======== SOURCE DATA ========
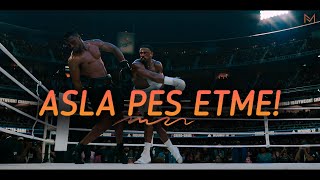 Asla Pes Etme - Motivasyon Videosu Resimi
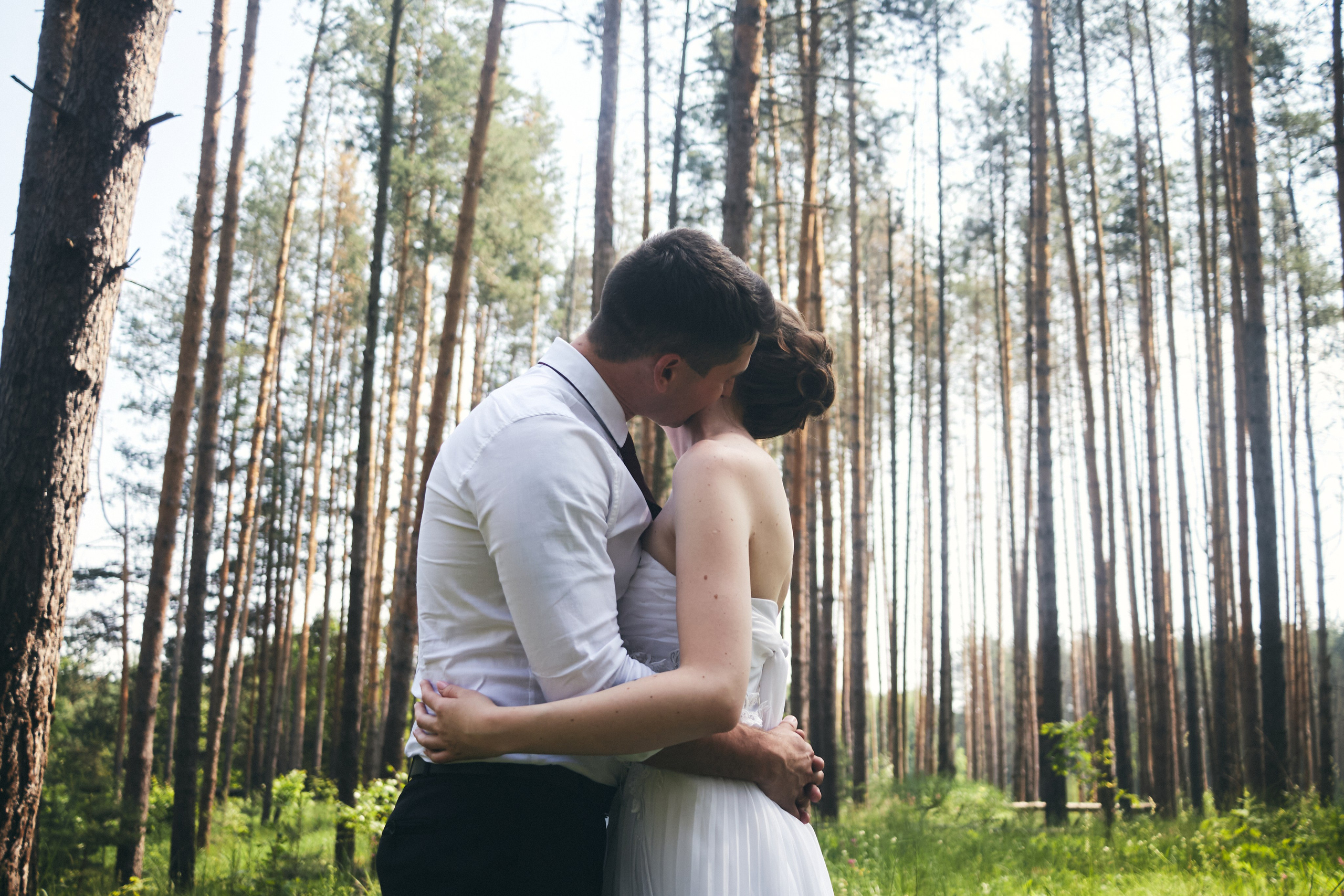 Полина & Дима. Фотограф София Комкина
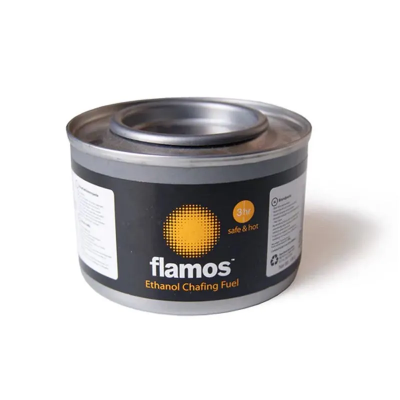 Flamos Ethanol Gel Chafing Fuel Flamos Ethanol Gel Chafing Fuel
========
======== SOURCE DATA ========
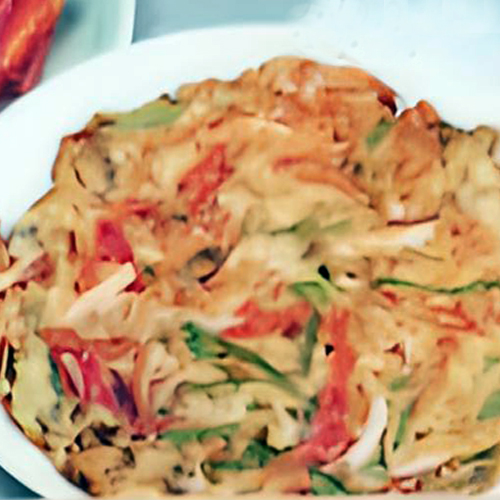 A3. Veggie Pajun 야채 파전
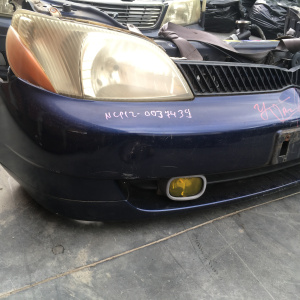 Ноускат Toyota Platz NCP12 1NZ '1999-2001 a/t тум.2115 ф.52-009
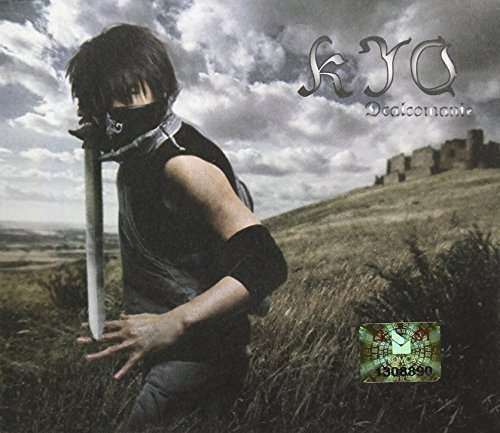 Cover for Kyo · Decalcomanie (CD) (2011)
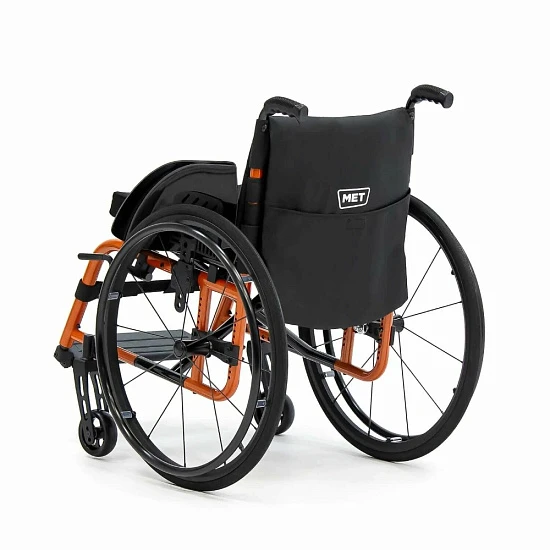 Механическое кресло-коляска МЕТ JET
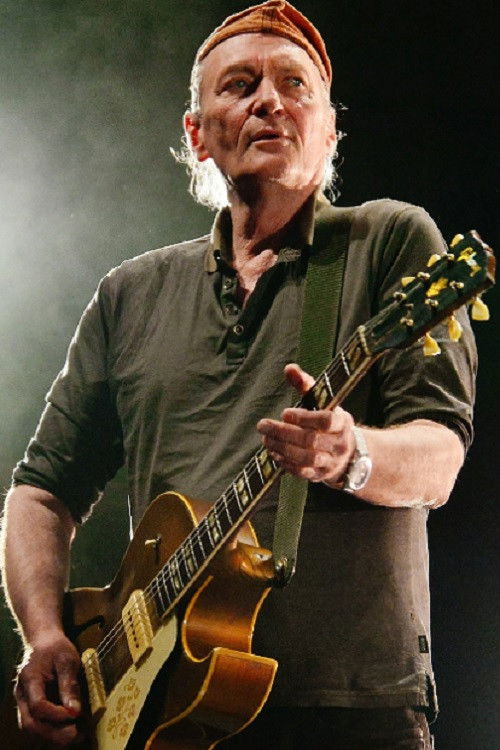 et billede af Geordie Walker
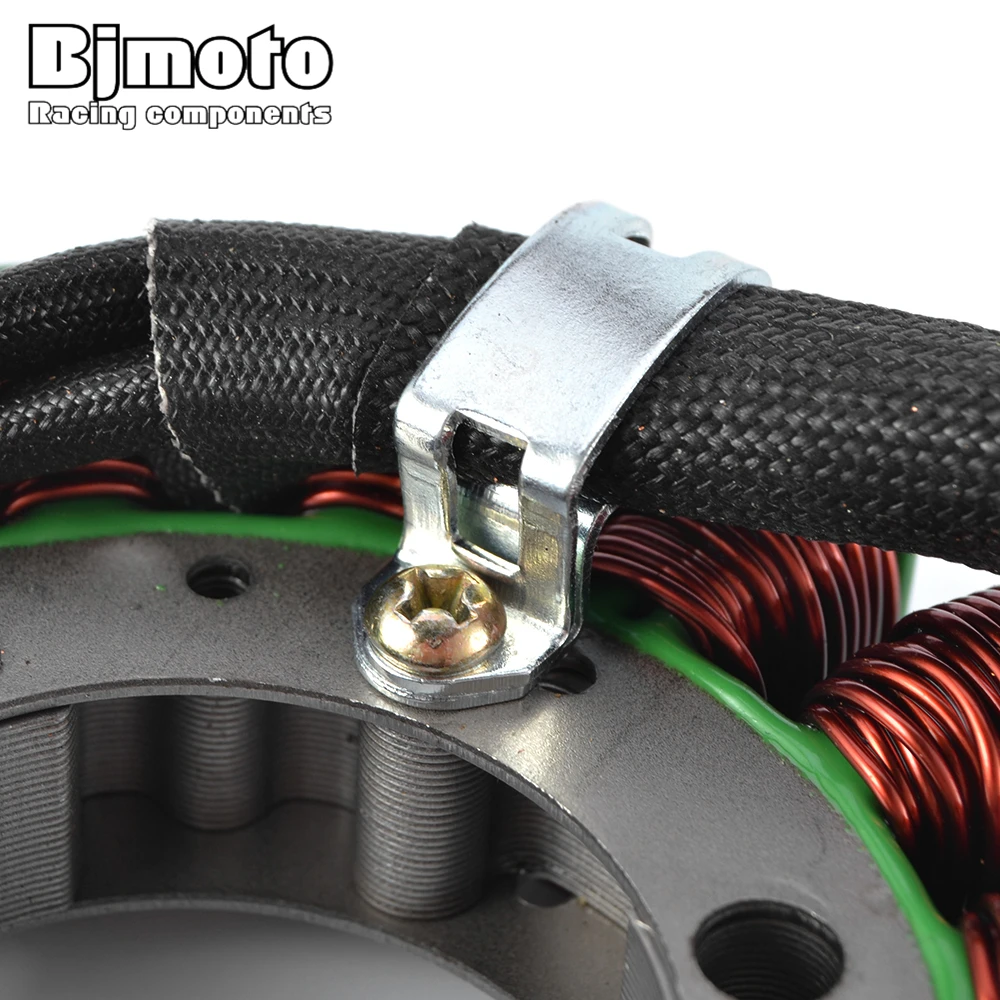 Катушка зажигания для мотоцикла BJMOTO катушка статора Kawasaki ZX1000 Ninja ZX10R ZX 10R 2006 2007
========
TASK TO COMPLETE
Give again the stretch of lines above from the one with "Полина & Дима. Фотограф София Комкина" through the one with "Flamos Ethanol Gel Chafing Fuel Flamos", both ends kept, and copy no pictures.

ANSWER TO THIS TASK
 Полина & Дима. Фотограф София Комкина
 Flamos Ethanol Gel Chafing Fuel Flamos Ethanol Gel Chafing Fuel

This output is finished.